I see rural themes running throughout the coverage of the catastrophic landslide north of Seattle, in Oso,  this week.  Those themes include community, lack of anonymity, and--today--a focus on the loggers who are working on the rescue and recovery effort as volunteers.  Here's an excerpt from a story by Ian Lovett just posted to the New York Times:  
Two days after a giant landslide engulfed the small community of Oso and rescue workers struggled to find either survivors or victims amid the sea of muck, a group of volunteers — many of them loggers — drove along back roads and trails on Monday to reach the site.

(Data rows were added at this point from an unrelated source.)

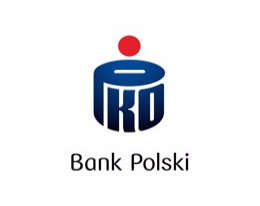 RELEASE: The largest bank in the CEE region will go...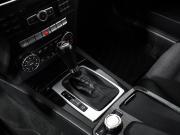 Mercedes-Benz C-Класс III (W204) Рестайлинг Санкт-Петербург  - изображение 32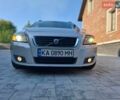 Сірий Вольво V50, об'ємом двигуна 1.56 л та пробігом 279 тис. км за 6500 $, фото 42 на Automoto.ua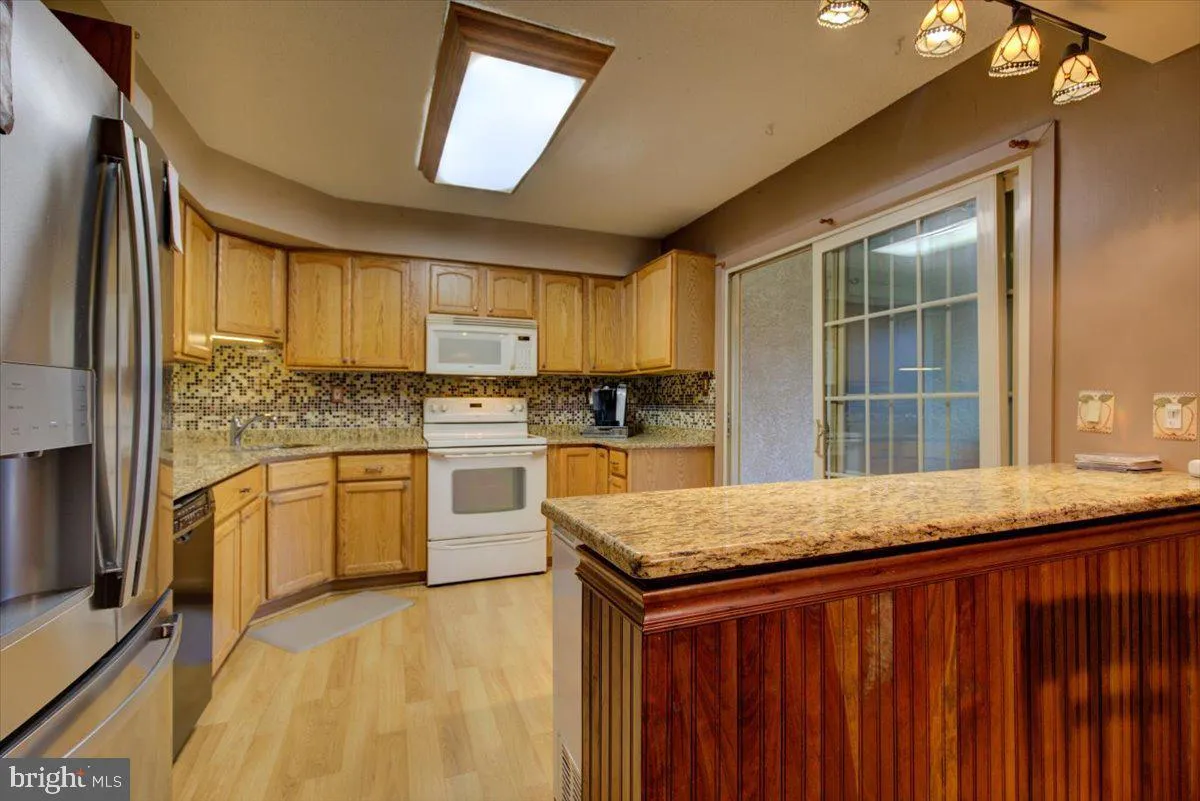 Phoenixville, Pennsylvania 19460, United States, 2 Bedrooms Bedrooms, ,2 BathroomsBathrooms,Residential,Active,135659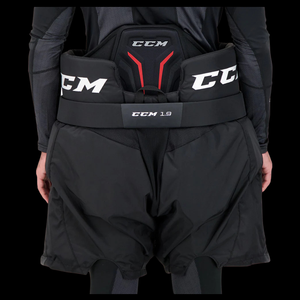 CCM 1.9 Goalie Pant Senior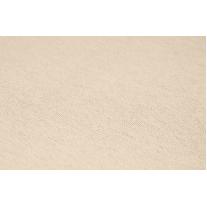 Чаршаф Sensillo Капучино Джърси 120Х60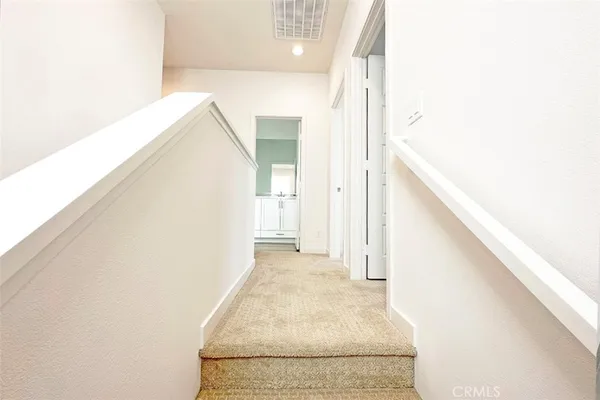 $4,850 | 550 Sparrowhawk Rancho Mission, Rancho Mission Viejo, CA 92694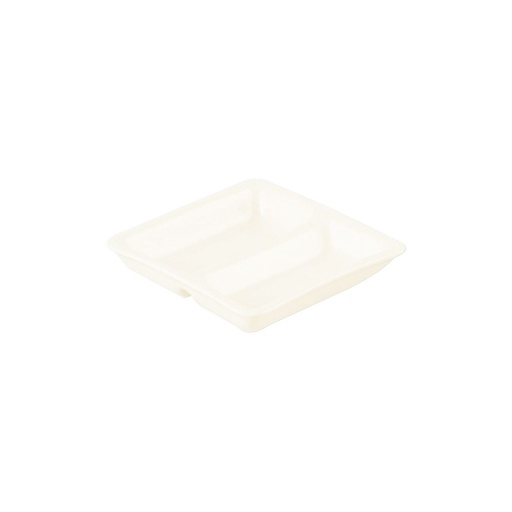[RAK-NNCD02] Schale 9 x 9cm NANO RAK Porzellan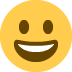 <p>wordpress主题puock</p>
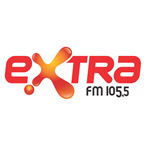 Rádio Extra FM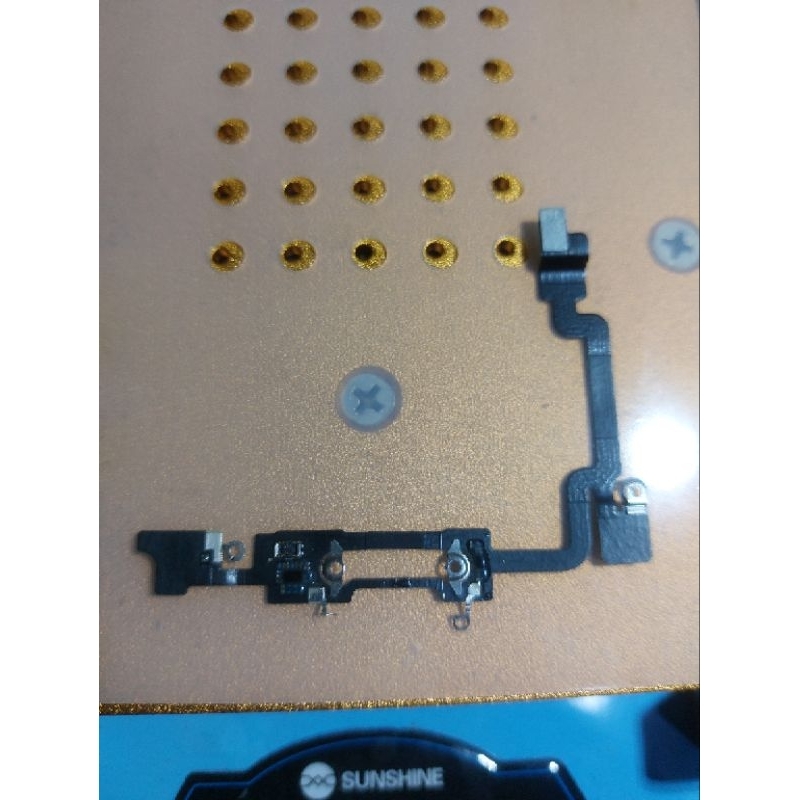 fleksibel antena wifi iphone 11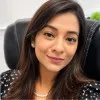 Sakina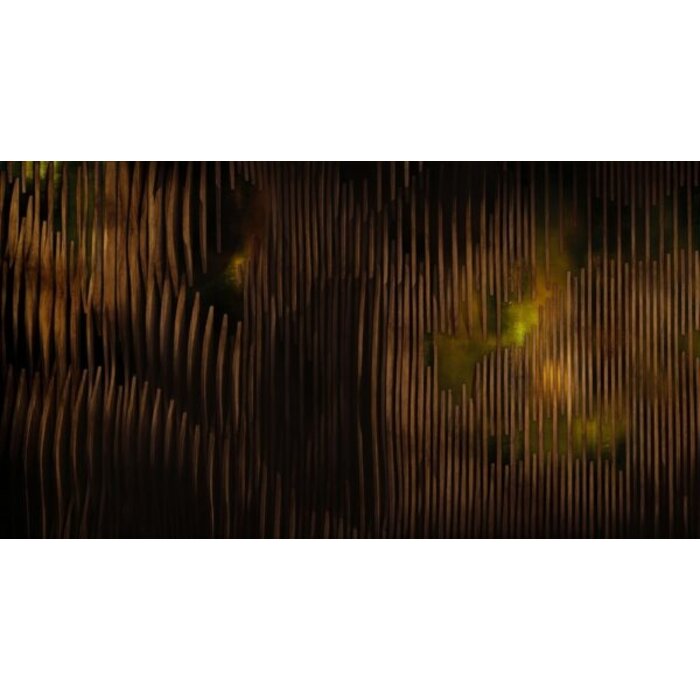 Fotobehang Henderson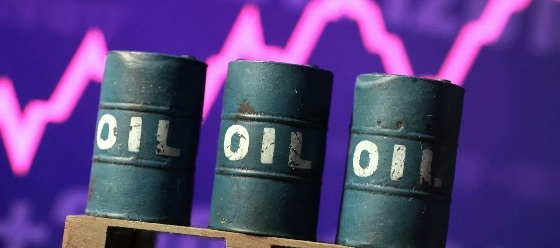 Yarın her şey normale dönse  bile toparlanma zaman alacak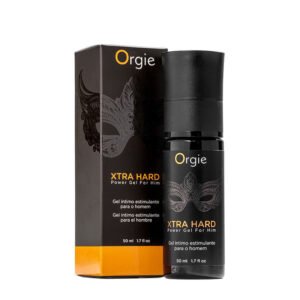 Gel Potenciador Xtra Hard1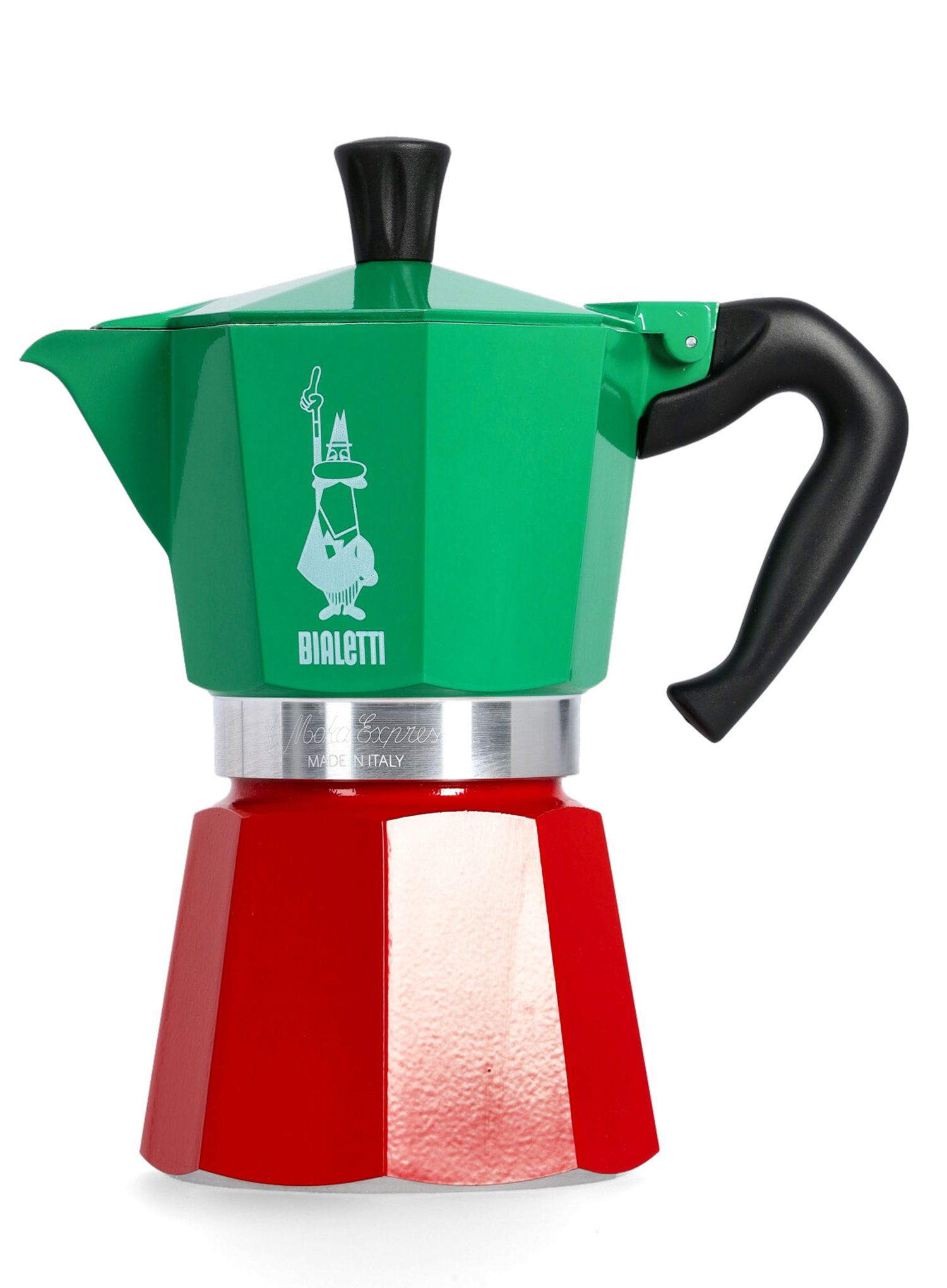 BialettiMokaExpressItalia3TZ_red_grn_454.jpg
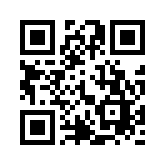 QR-Code https://ppt.cc/VRhi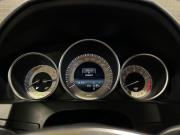 Mercedes-Benz E-Класс IV (W212 S212 C207) Рестайлинг Челябинск  - изображение 47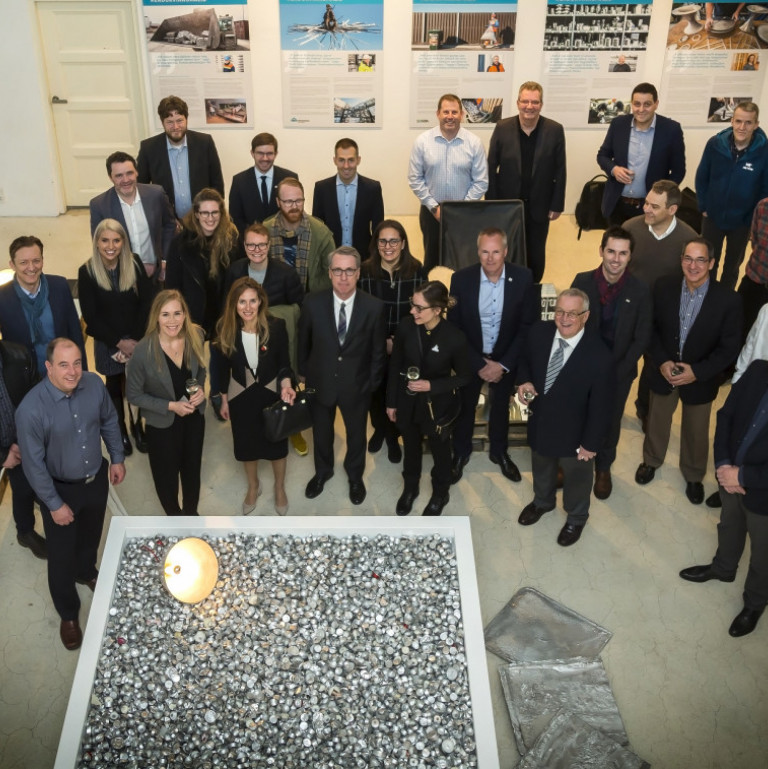 kri_samal_180321_023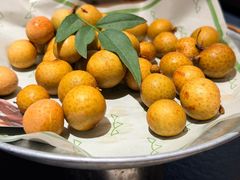 -山缓缓火锅(上海港汇恒隆店)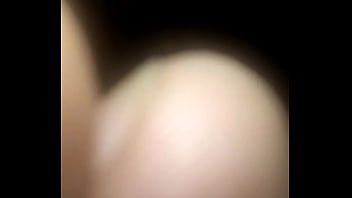 Preview 1 of Femdom Catfight - la rebalso de leche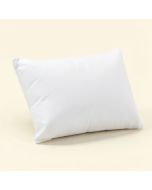 Rest Polyfill Body Pillow (synthetic illustration; no displayed measurements)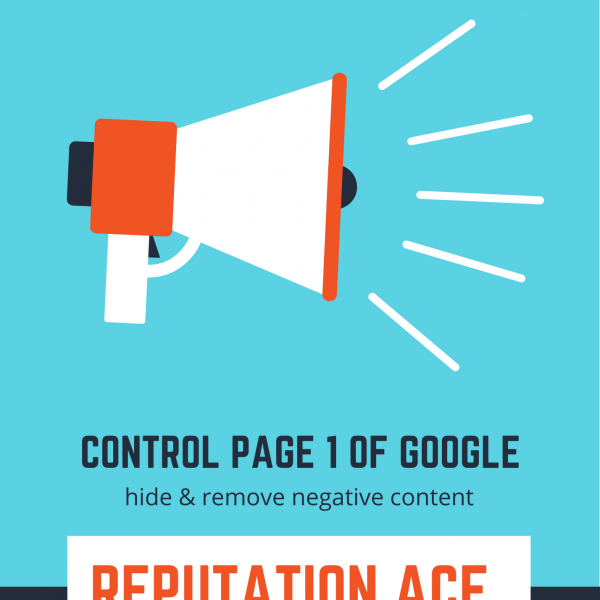 reputation ace reputation management services uk 0800 088 5506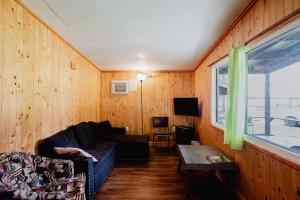 2-Bedroom Cottage #9 - Ambleside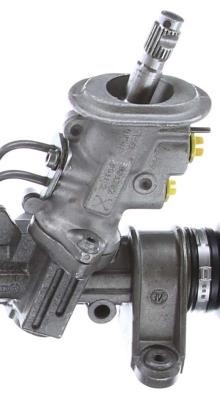Buy GKN-Spidan 54682 – good price at EXIST.AE!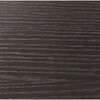 TMTAD-DB T字脚大会議テーブル 連結型 TRUSCO 63058267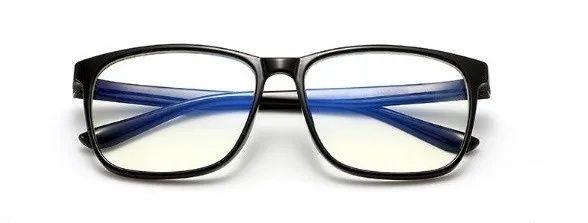 Супер очки от Итальянского бренда Marvisia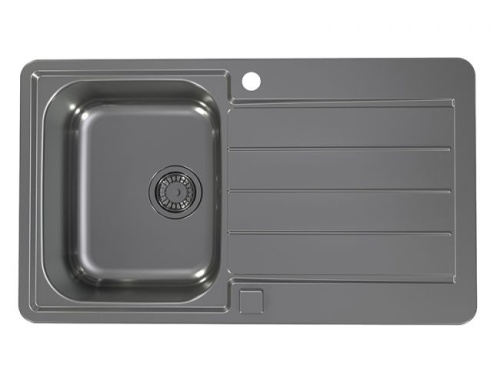 Мойка для кухни Alveus LINE MONARCH 10 GOLD 980x500 1078566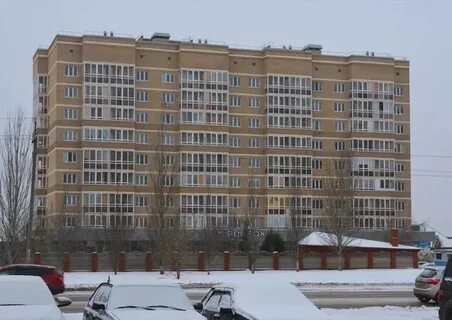 Тракт 17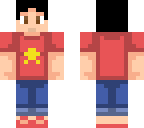 stevenuniverse
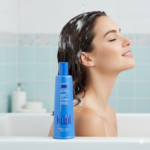 K-DETOX KUUL CLEAN ME DETOX SHAMPOO 300 ML - Imagen 3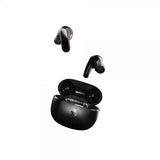 Skullcandy Hörlurar Rail ANC True Wireless Svart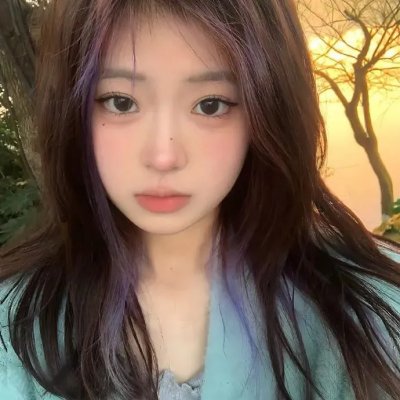 痴情快婿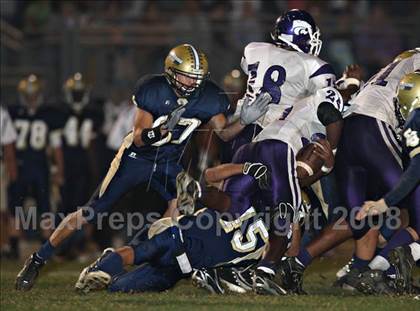 Thumbnail 3 in Franklin @ Elk Grove photogallery.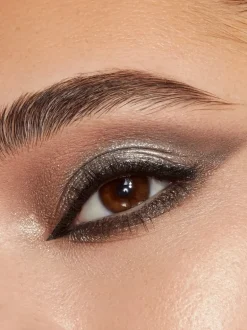 Too Faced Born This Way Mini Palette | MECCA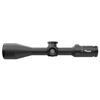 Image 1 : SIG WHISKEY5 5-25X52 QUADPLEX IR BLK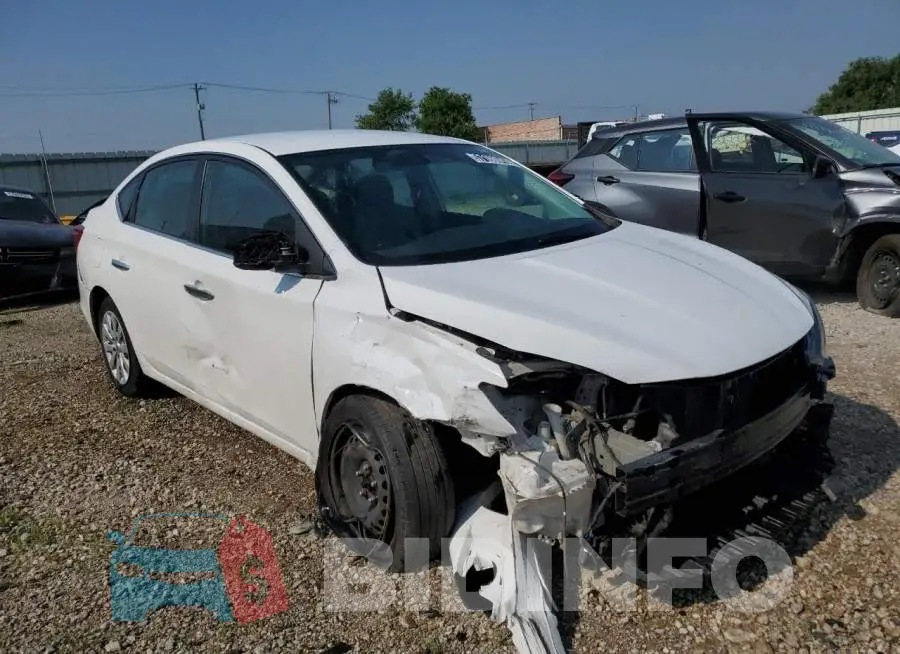 3N1AB7AP5JY227164 Photo# 4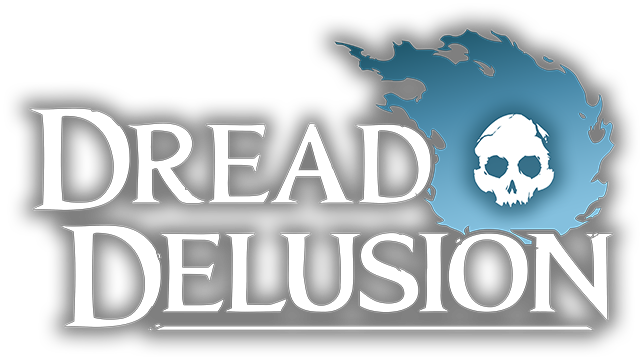 Dread Delusion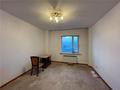3-комнатная квартира · 90 м² · 12/16 этаж, мкр Юго-Восток, Шахтёров — Назарбаевская Интелектуальная Школа за 31 млн ₸ в Караганде, Казыбек би р-н — фото 3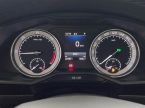 Škoda Superb - fotka číslo 10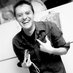 Jimmy Wencel (@jimmywencel) Twitter profile photo Jimmy Wencel (@jimmywencel) Twitter profile photo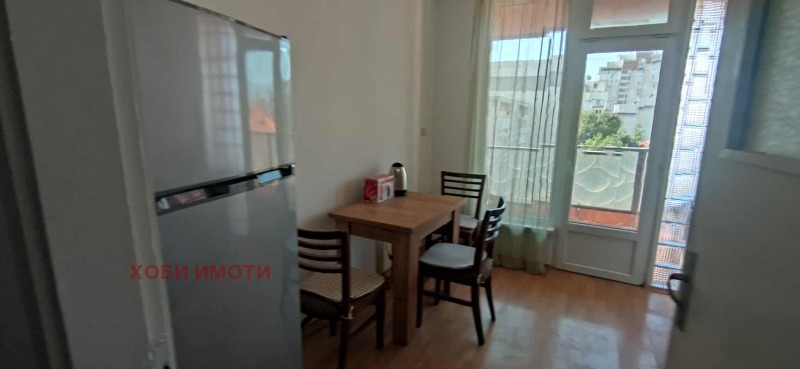 Zu vermieten  2 Schlafzimmer Plowdiw , Kameniza 1 , 110 qm | 83932009 - Bild [2]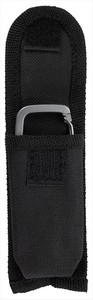 21288 pouch image
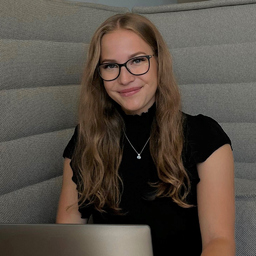 Franzi Hübel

They immediately began to dig, looking for their neighbors and, in some cases, friends and relatives.
Other stories tell of local volunteers going in, whether authorized or not.  This one, featuring the 27-year-old state trooper who was first on the scene and helped rescue a baby and his mother, is especially poignant.  He grew up in nearby Marysville and has often patrolled this area during his 7-year career as a trooper.

Wednesday, March 26, 2014

Are red (rural? poor?) states the makers or the takers?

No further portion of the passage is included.